Question

A 2.56-g sample of a colorless liquid was vaporized in a 250 -mL flask at \(121^{\circ} \mathrm{C}\) and \(786 \mathrm{mmHg}\). What is the molecular weight of this substance?

Short answer

The molecular weight of the substance is 320 g/mol.

Step-by-step solution

Convert Units

First, convert the given temperature from Celsius to Kelvin by using the formula: \[ K = ^{\circ}C + 273.15 \]So, the temperature in Kelvin is \[ K = 121 + 273.15 = 394.15 \ \text{K} \]Next, convert the pressure from mmHg to atm using:\[ 1 \ \text{atm} = 760 \ \text{mmHg} \] so \[ 786\ \text{mmHg} \times \frac{1\ \text{atm}}{760\ \text{mmHg}} \approx 1.034\ \text{atm} \].

Calculate Moles Using Ideal Gas Law

We use the ideal gas law to find the number of moles of the vaporized substance. The ideal gas law is given by:\[ PV = nRT \]Where \( P \) is the pressure (1.034 atm), \( V \) is volume (0.250 L), \( R \) is the ideal gas constant (0.0821 \( \text{L atm} \cdot \text{mol}^{-1} \cdot K^{-1} \)), and \( T \) is the temperature (394.15 K). Solve for \( n \) (number of moles): \[ n = \frac{PV}{RT} \]\[ n = \frac{1.034 \times 0.250}{0.0821 \times 394.15} \approx 0.008 \ \text{mol} \]

Determine Molecular Weight

The molecular weight \( M \) of the substance can be determined using the formula:\[ M = \frac{\text{mass of substance}}{\text{number of moles}} \]Here, the mass of the substance is given as 2.56 g and the number of moles we calculated is 0.008 mol. Therefore,\[ M = \frac{2.56}{0.008} = 320 \ \text{g/mol} \].

Key concepts

Molecular Weight Determination

Determining the molecular weight of a substance is crucial in chemistry. It helps understand the composition of molecules and is fundamental in calculations like those involving reactions and stoichiometry. The molecular weight can be found using a few known parameters through the ideal gas law, especially when the substance is in the gaseous state.
To find the molecular weight, use the equation:

• Calculate the number of moles ( n ) of the gas using the ideal gas law formula: \( PV = nRT \)
• Then, use the relationship: \( M = \frac{\text{mass}}{\text{moles}} \)
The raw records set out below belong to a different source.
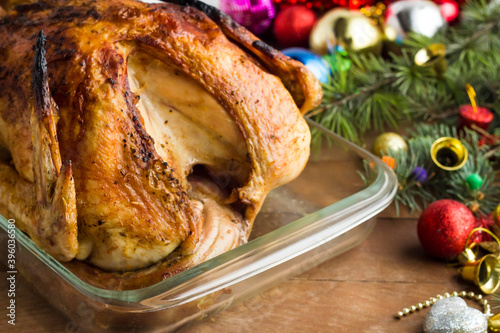 Roasted turkey in glass ovenware on the wooden table with christmas ornaments.Conceptual image of Christmas or New Year. photo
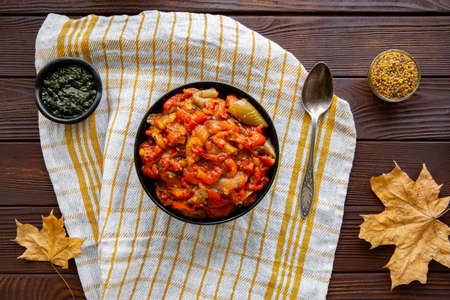 Tasty fall vegetable stew on kitchen towel on brown wooden table, top view. autumn leaves decorations.の写真素材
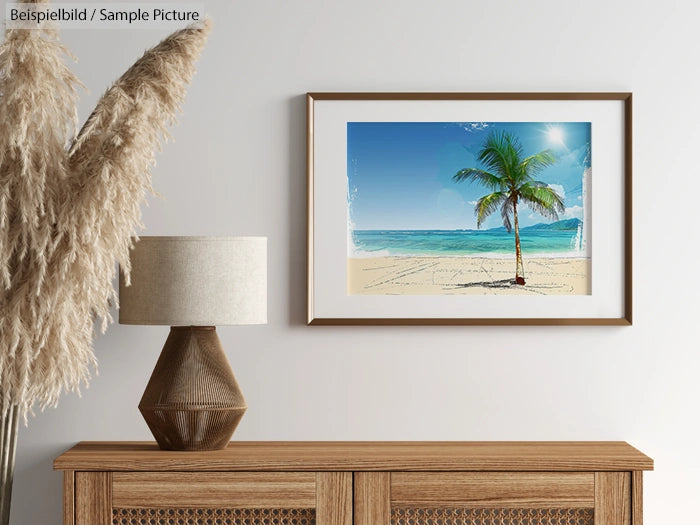 Framed beach painting with palm tree on a wall above a wooden cabinet and a lamp with pampas grass.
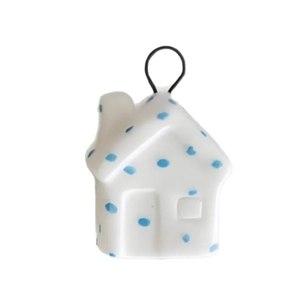 Minimalist white ceramic house pendant with blue dots and black hanging loop for decor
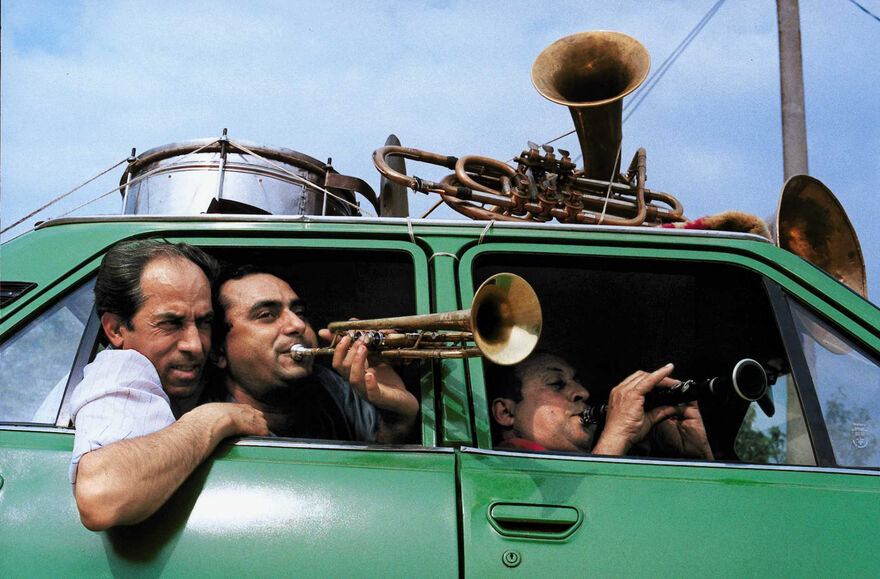 Three musicians from Fanfare Ciocărlia packed into a bright green car.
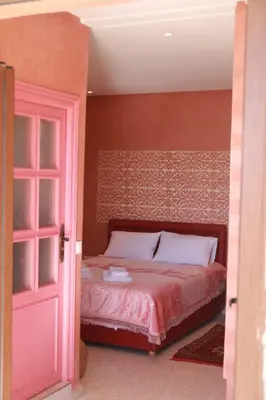 a bedroom with a bed and a pink door at Le Chêne d´Azrou in Azrou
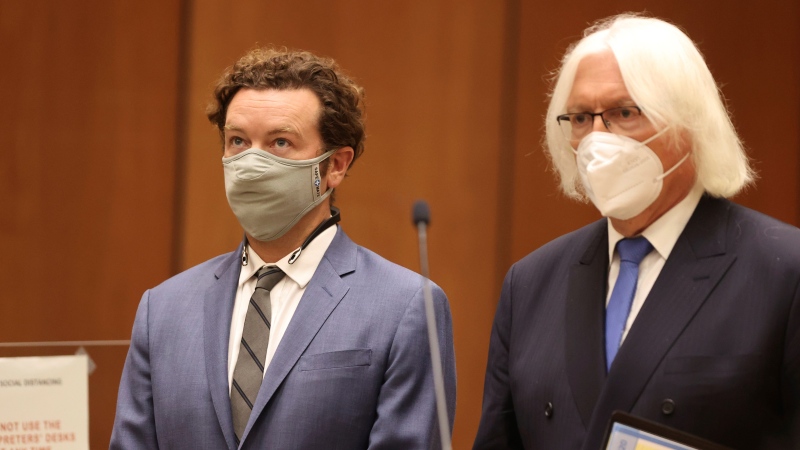Actor Danny Masterson, left, stands with his attorney, Thomas Mesereau, as he is arraigned on rape charges at Los Angeles Superior Court, in Los Angeles, Calif. on Friday, Sept. 18, 2020. (Lucy Nicholson/Pool Photo via AP) 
In this way, the molecular weight (\( M \)) represents the mass per mole of the substance. It is typically given in grams per mole (g/mol). In practical applications, accurate molecular weight helps in predicting physical properties and reaction outcomes.

Unit Conversion in Chemistry

Unit conversion is a fundamental skill in chemistry that ensures all units are compatible when plugged into equations. It often involves converting temperatures, pressures, volumes, and other measurements into accepted standard units.

• Temperature: Original exercise uses Celsius, which must be converted to Kelvin by adding 273.15, making calculations compatible with thermodynamic and gas laws.
• Pressure: Often reported in mmHg, must be converted to atm using the relation: \( 1 \ \text{atm} = 760 \ \text{mmHg} \), as this fits well into the ideal gas law.

Standardizing units facilitates smooth calculations and allows various physical constants like the ideal gas constant (\( R \)) to be consistently applied without errors.

Vaporization and Gases

The process of vaporization, especially in closed systems like flasks, is a key part of understanding gas behavior using the ideal gas law. When a liquid is vaporized, molecules overcome intermolecular forces and transition into a gaseous state. This can be explained using the following concepts:

• As the vaporized molecules occupy the flask’s volume, their pressure, volume, and temperature measurements can be inserted into the ideal gas law equation \( PV = nRT \).
• This allows determination of moles, a crucial step in finding molecular weight.

Comprehending the behavior of gases during vaporization helps predict how substances will respond under varying conditions, such as temperature and pressure, and reinforces the use of equations in practical applications.